CHAPITRE IV L'AME HUMAINE
CHAPITRE V LA VOIE VERS LA BEATITUDE
CHAPITRE VI LA FOI ET LA RAISON
CONCLUSION
BIBLIOGRAPHIE GENERALE
BIBLIOGRAPHIE DETAILÉE DES OEUVRES DE CHAQUE PHILOSOPHE



INTRODUCTION

On ne peut comprendre l'histoire de la philosophie occidentale sans tenir compte de la transmission de la philosophie grecque à l'Europe au Moyen-Age, à travers le monde arabo-musulman. Ce qui aurait pu ne constituer qu'un "passage" dans l'histoire générale de la philosophie présente au contraire un intérêt particulier et mérite une étude spéciale.

Dans le monde arabo-musulman, la philosophie consistait certes dans la découverte d'un patrimoine ancien, mais elle représentait aussi un développement original. comme réflexion sur des questions touchant à la religion islamique, ses conclusions avaient des conséquences sérieuses sur la religion, l'individu, et la société. De telles questions continuent à agiter le monde contemporain, et il vaut la peine de les étudier dans un autre contexte historique et culturel.
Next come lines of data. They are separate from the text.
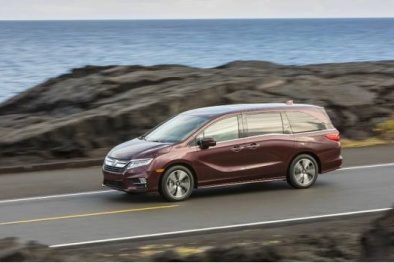 Nhược điểm của Honda Odyssey 2018 khiến khách hàng 'băn khoăn'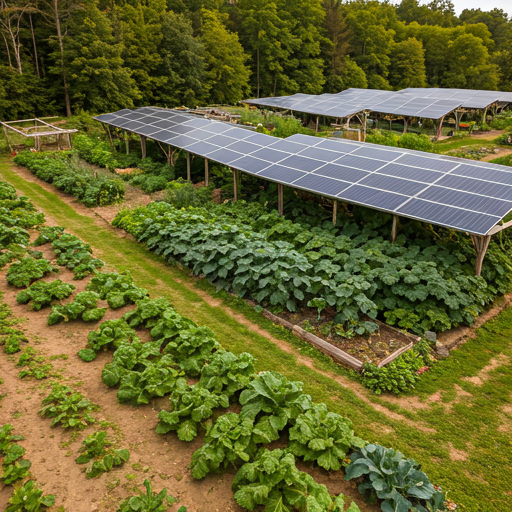 Off-Grid Gardening\Farming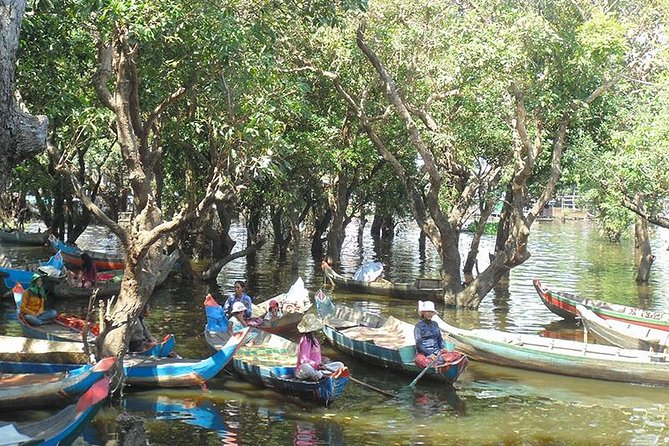 Kompong Phluk Mangroves & Stilt House Village - Cancellation Policy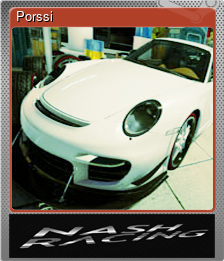 Series 1 - Card 5 of 10 - Porssi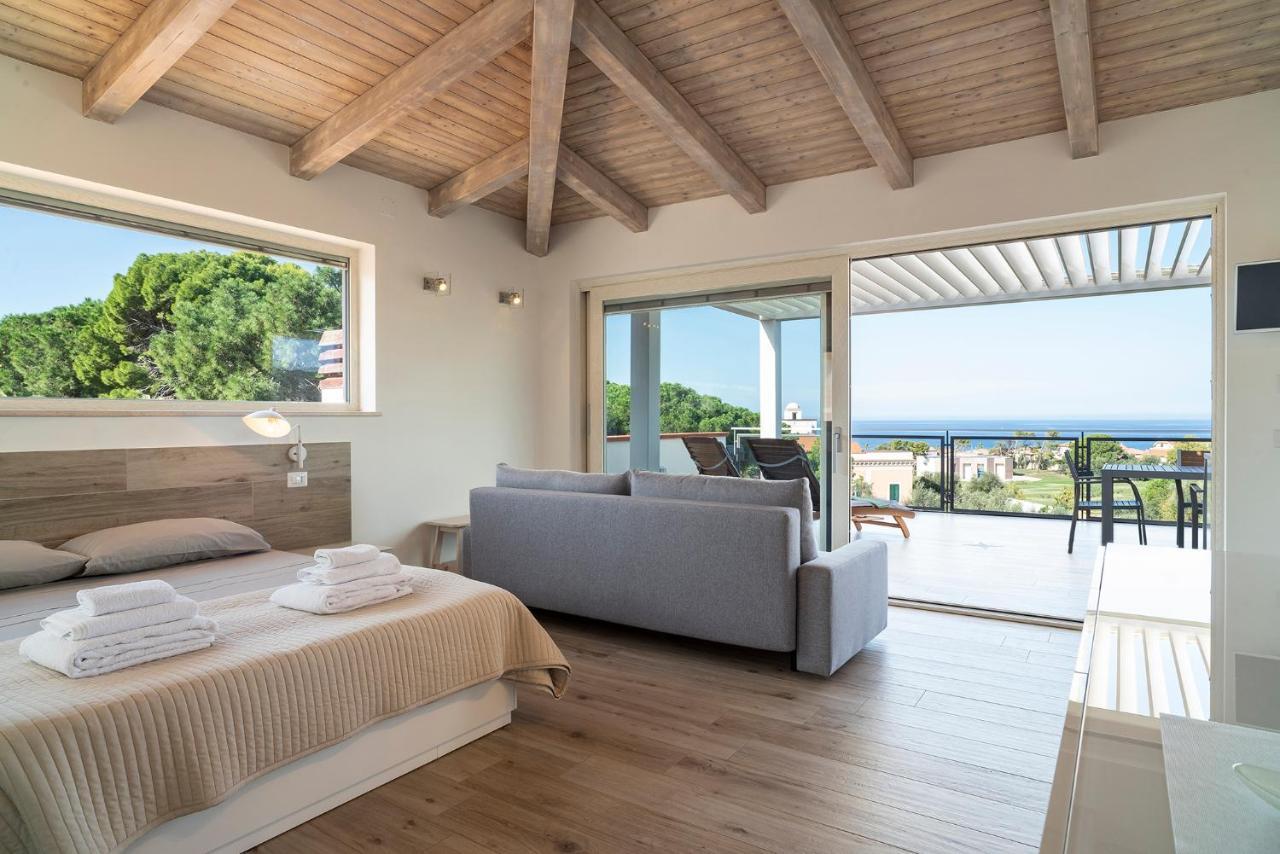 La Suite Sul Corso Santa Maria di Castellabate Ngoại thất bức ảnh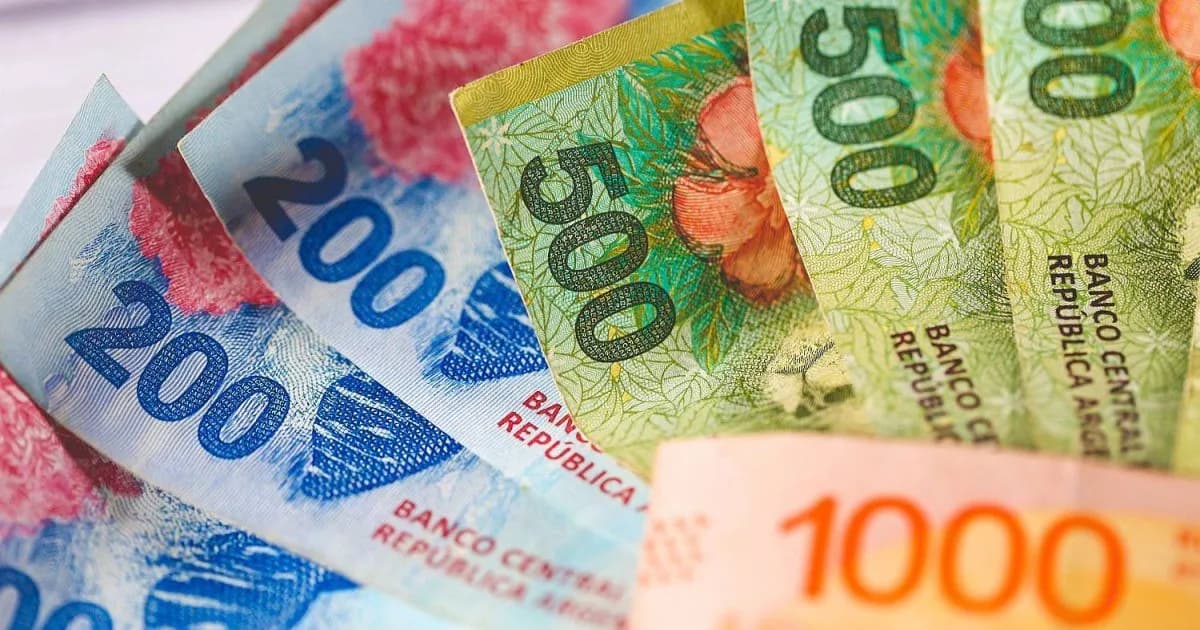 El crédito en pesos se desploma: febrero marcó la mayor caída en dos años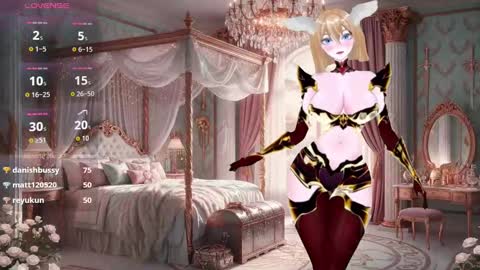 Valkie-Chan online show from 11-01-25, 10:17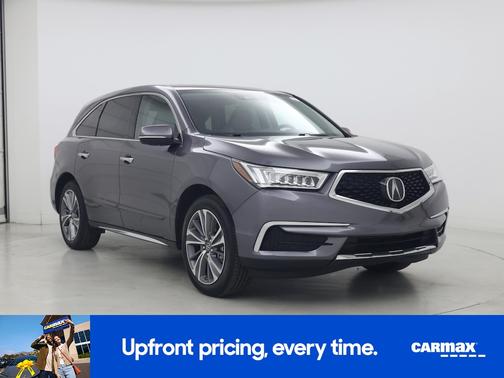 2017 Acura MDX 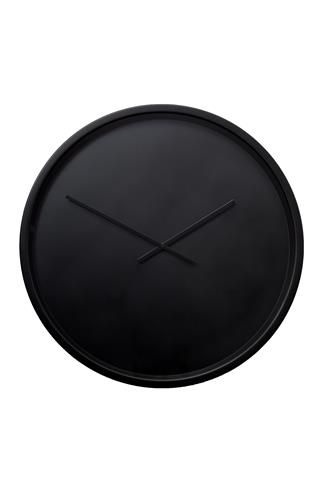 Wanduhr TIME BANDIT BLACK Wanduhr TIME BANDIT BLACK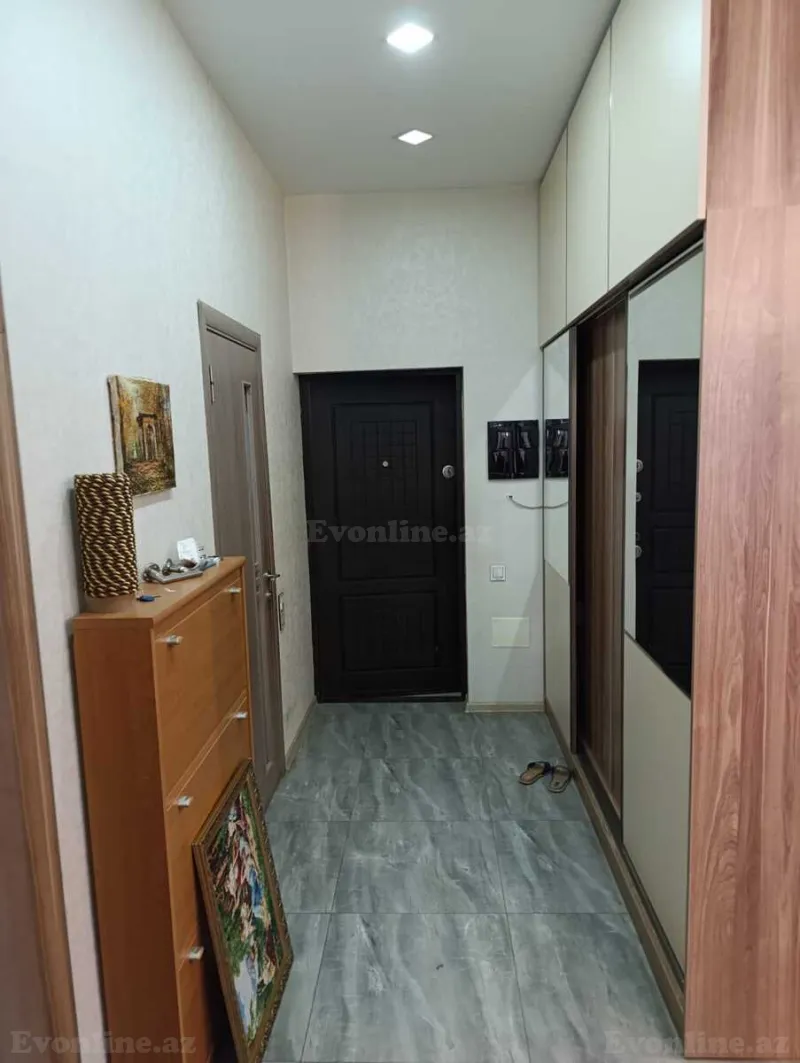 Kirayə verilir 2 otaqlı Mənzil Yeni tikili 65 m² Nəriman Nərimanov m. - şəkil 12
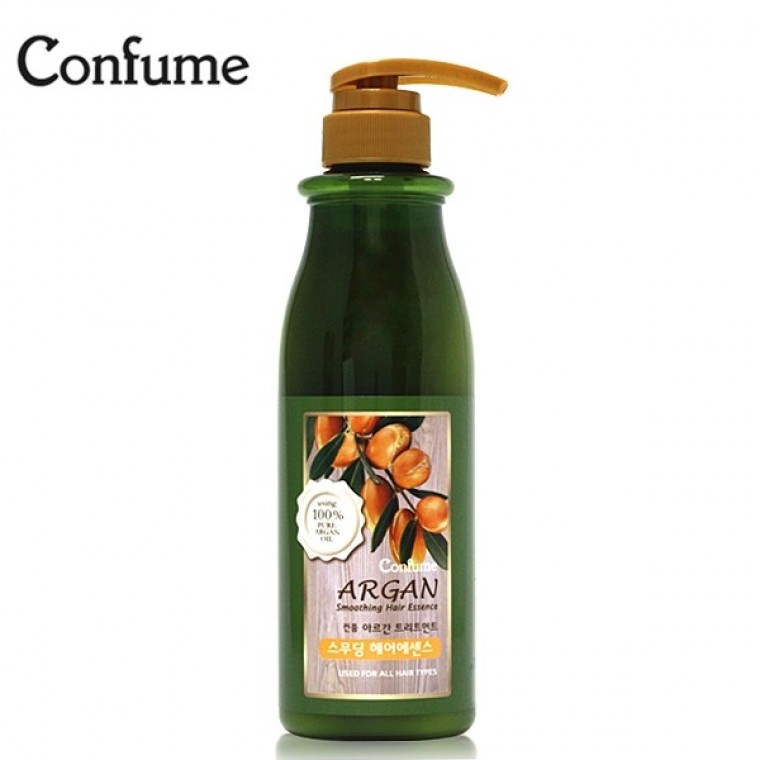 Kwail Nara Argan Treatment Smoothing Hair Essence 500 มล.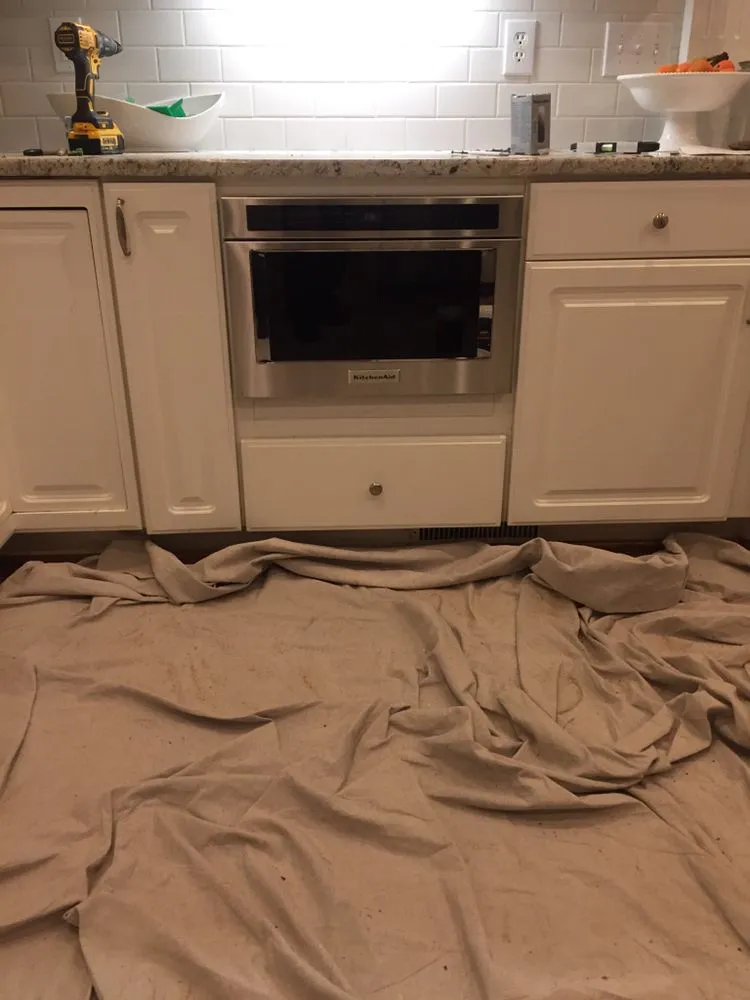 Slide of Mabe's Electrical and Home Improvement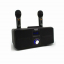Беспроводная Bluetooth караоке система SD-309 с микрофонами-2
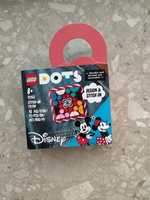 lego dots 41963 disney naszywka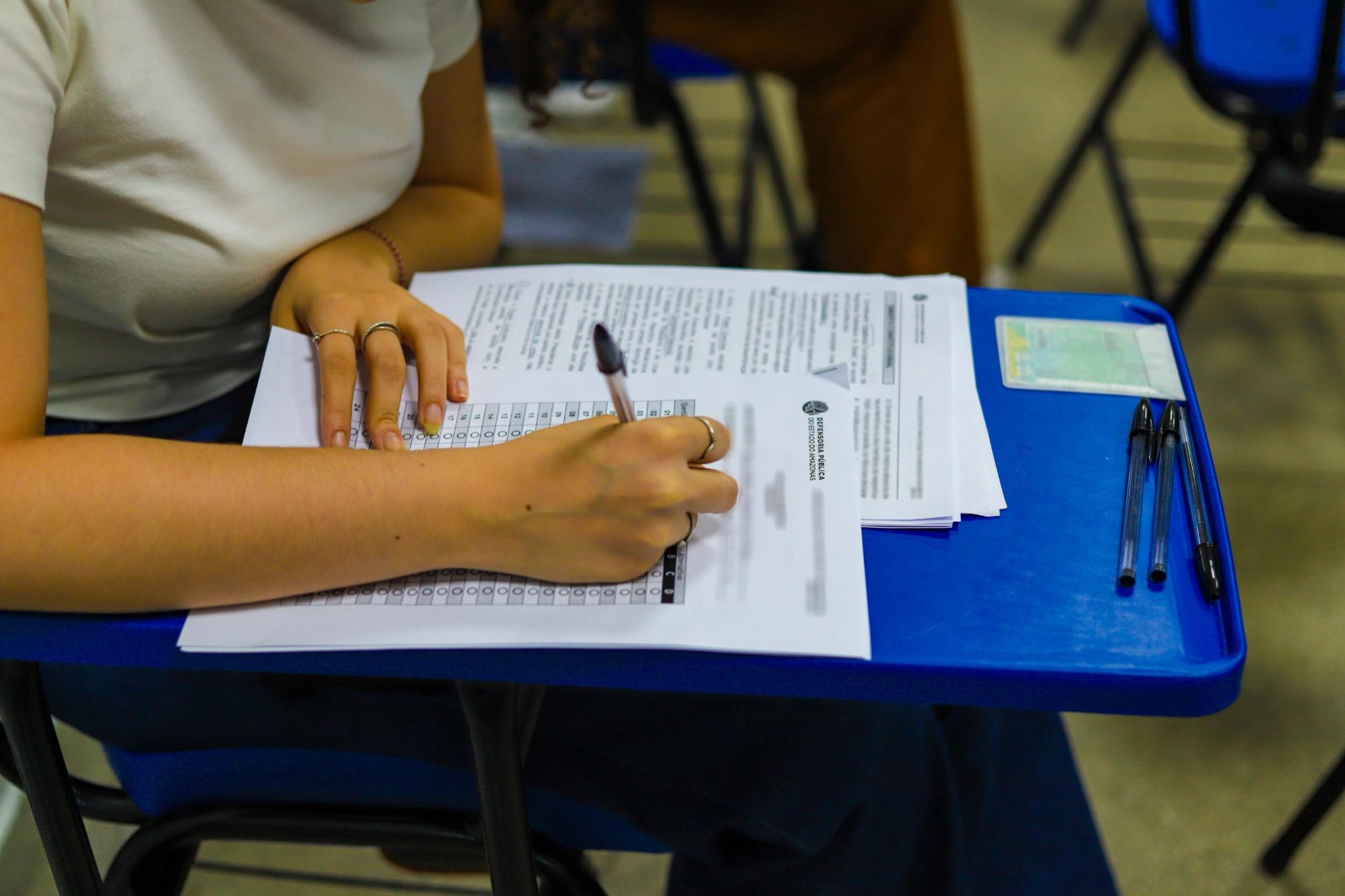 Inscrições para concurso da DPE-AM encerram em 24 de abril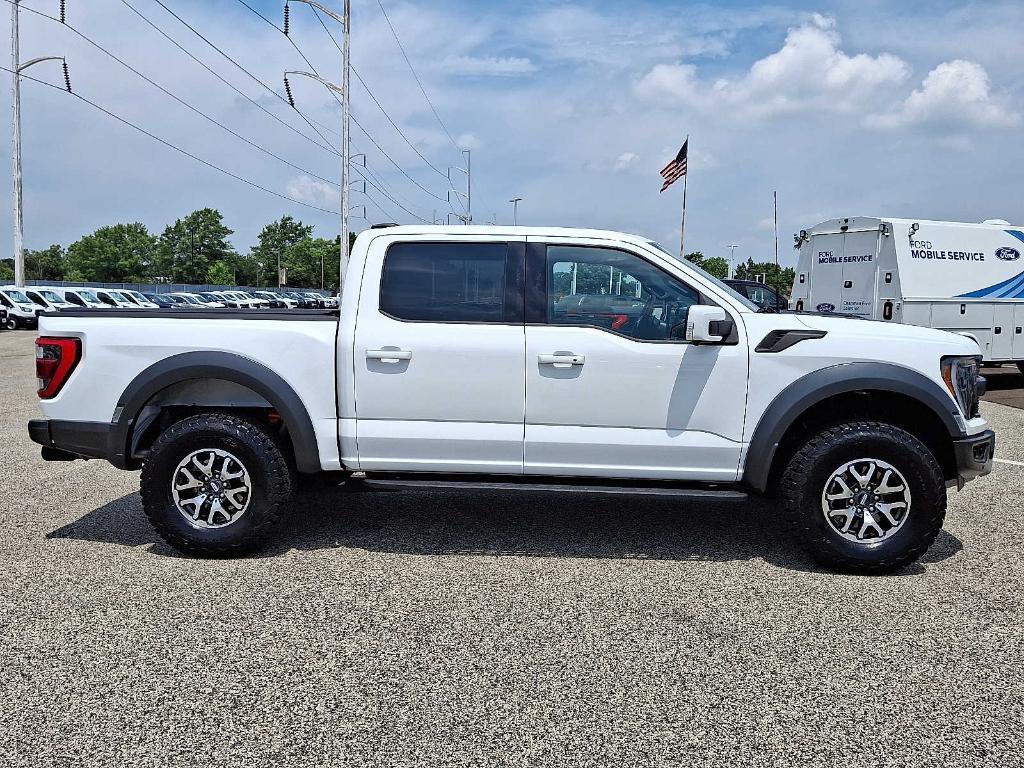 used 2022 Ford F-150 car, priced at $69,470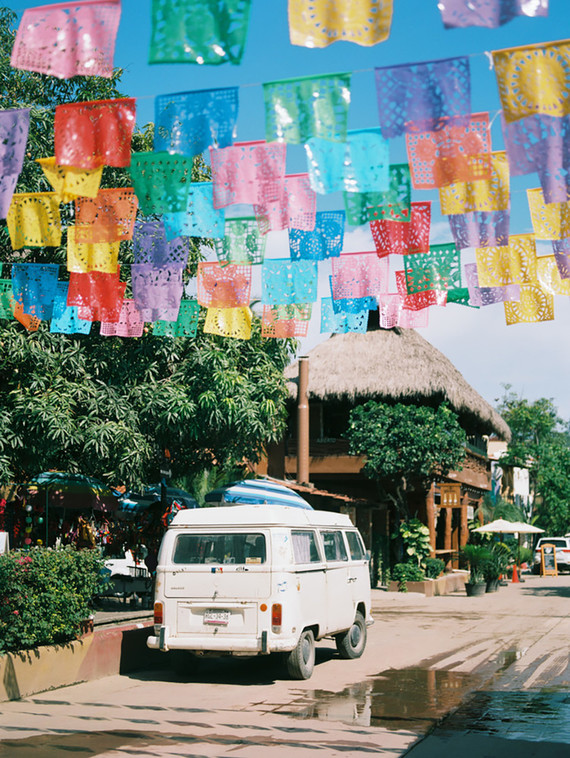 Guide to getting married in Sayulita Mexico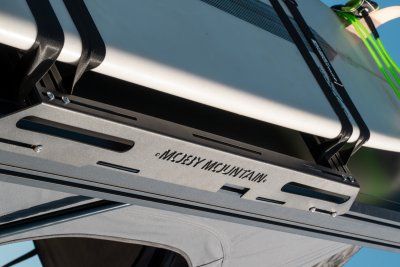 Moby Mountain Swell Load Rack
Le sujet d'un livre sur la philosophie arabe est difficile à préciser. En ce temps-là, la philosophie complrenait toutes les sciences. Ici, nous nous contenterons de choisir certains thèmes principaux concernant la destinée de l'homme et la religion, tels que l'existence de Dieu, la liberté de l'homme devant la toute-puissance de Dieu (avec la problème du mal), l'immortalité de l'âme humaine, et les rapports entre la philosophie et la Révélation.

L'expression "Le monde arabo-musulman" ne doit pas se prendre dans un sens trop étroit. Certains de ses plus grands philosophes ne furent pas arabes ou ne furent pas musulmans. Il y avait des persans, des juifs et des chrétiens, sans oublier les averroïstes latins. Tous partageaient le même climat intellectuel et débattaient les mêmes questions avec les mêmes outils philosophiques.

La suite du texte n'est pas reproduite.